*ACTIVITY*. In the listing below, find the line containing "Ravensburger Wieso? Weshalb?" and the line containing "tentative, release, calendar, 2020". Repeat exactly those two lines and every line between them, nothing more.

-- -- --

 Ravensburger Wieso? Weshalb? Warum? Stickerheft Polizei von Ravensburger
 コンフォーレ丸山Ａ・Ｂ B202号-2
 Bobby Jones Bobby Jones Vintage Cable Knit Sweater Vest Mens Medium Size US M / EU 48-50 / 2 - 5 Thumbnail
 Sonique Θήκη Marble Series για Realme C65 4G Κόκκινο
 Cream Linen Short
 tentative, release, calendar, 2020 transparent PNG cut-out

-- -- --

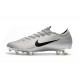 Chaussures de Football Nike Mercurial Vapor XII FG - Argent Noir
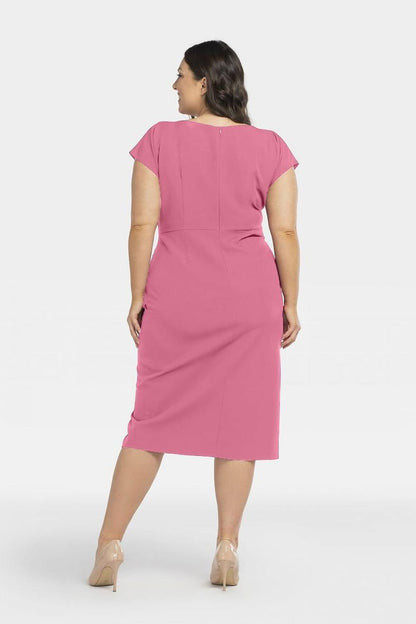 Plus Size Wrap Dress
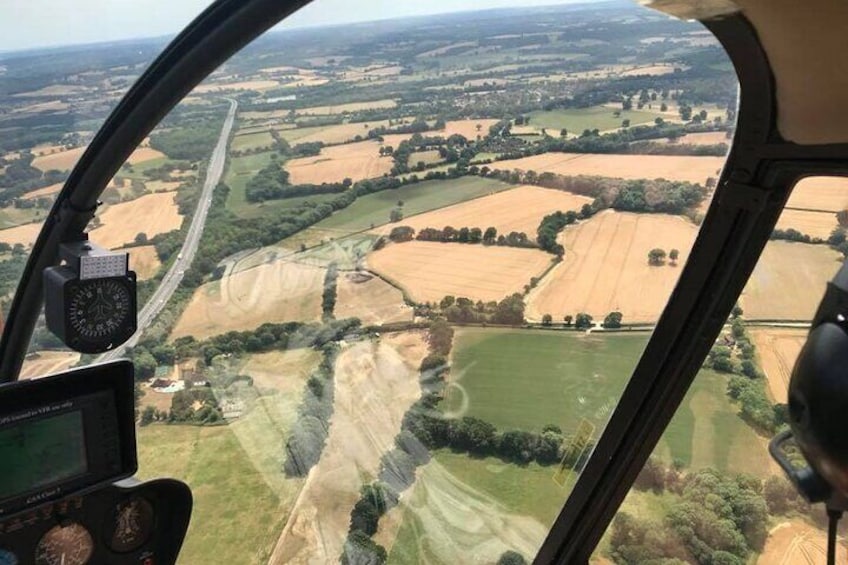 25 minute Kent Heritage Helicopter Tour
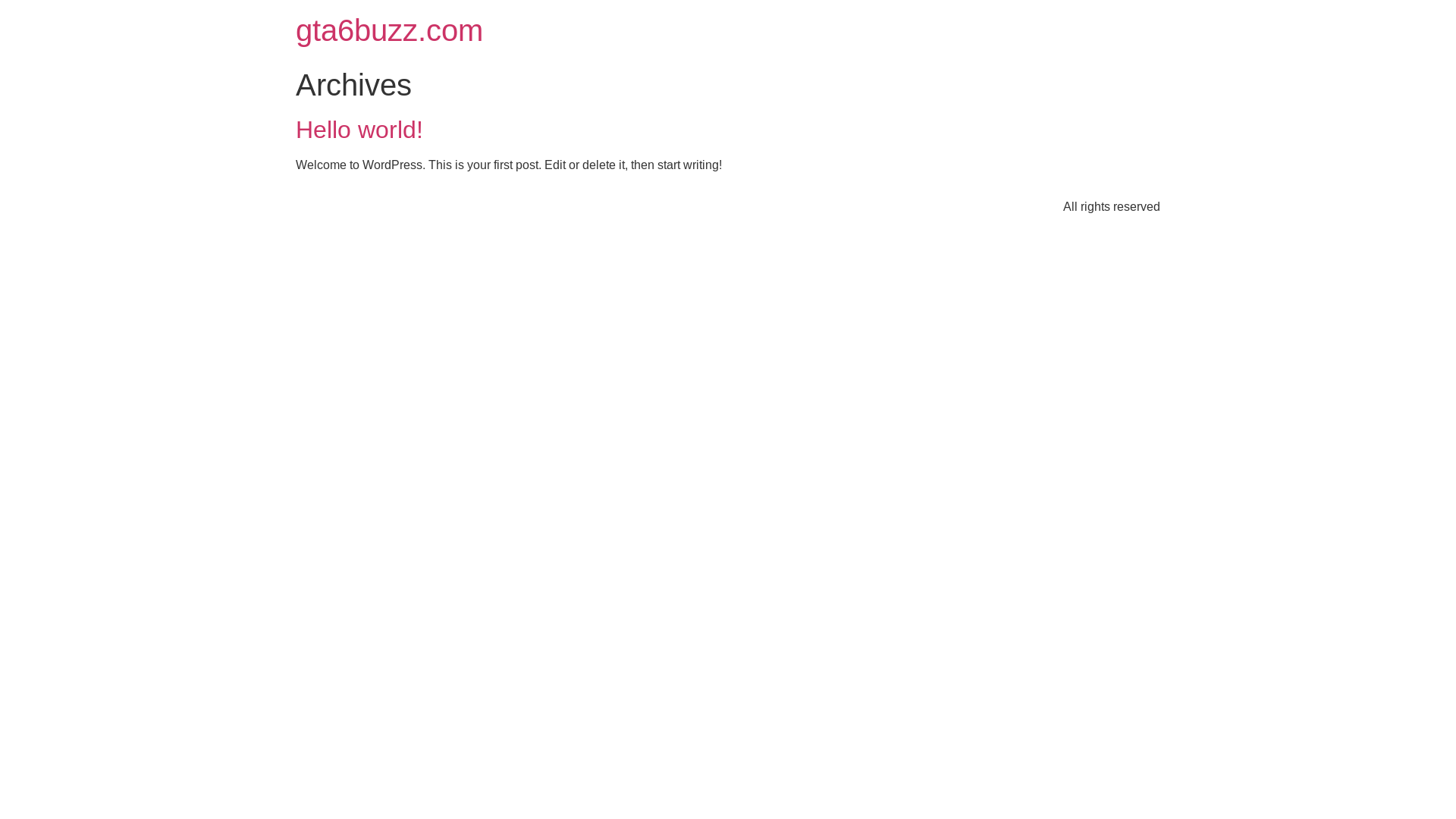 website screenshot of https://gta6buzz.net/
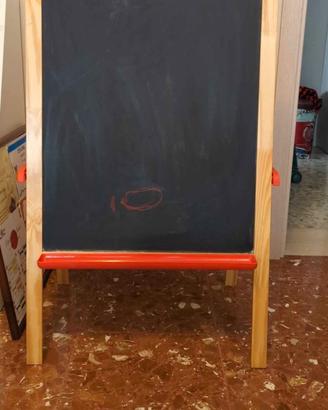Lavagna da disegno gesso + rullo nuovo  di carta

-- -- --

*EXPECTED OUTPUT*.
 Ravensburger Wieso? Weshalb? Warum? Stickerheft Polizei von Ravensburger
 コンフォーレ丸山Ａ・Ｂ B202号-2
 Bobby Jones Bobby Jones Vintage Cable Knit Sweater Vest Mens Medium Size US M / EU 48-50 / 2 - 5 Thumbnail
 Sonique Θήκη Marble Series για Realme C65 4G Κόκκινο
 Cream Linen Short
 tentative, release, calendar, 2020 transparent PNG cut-out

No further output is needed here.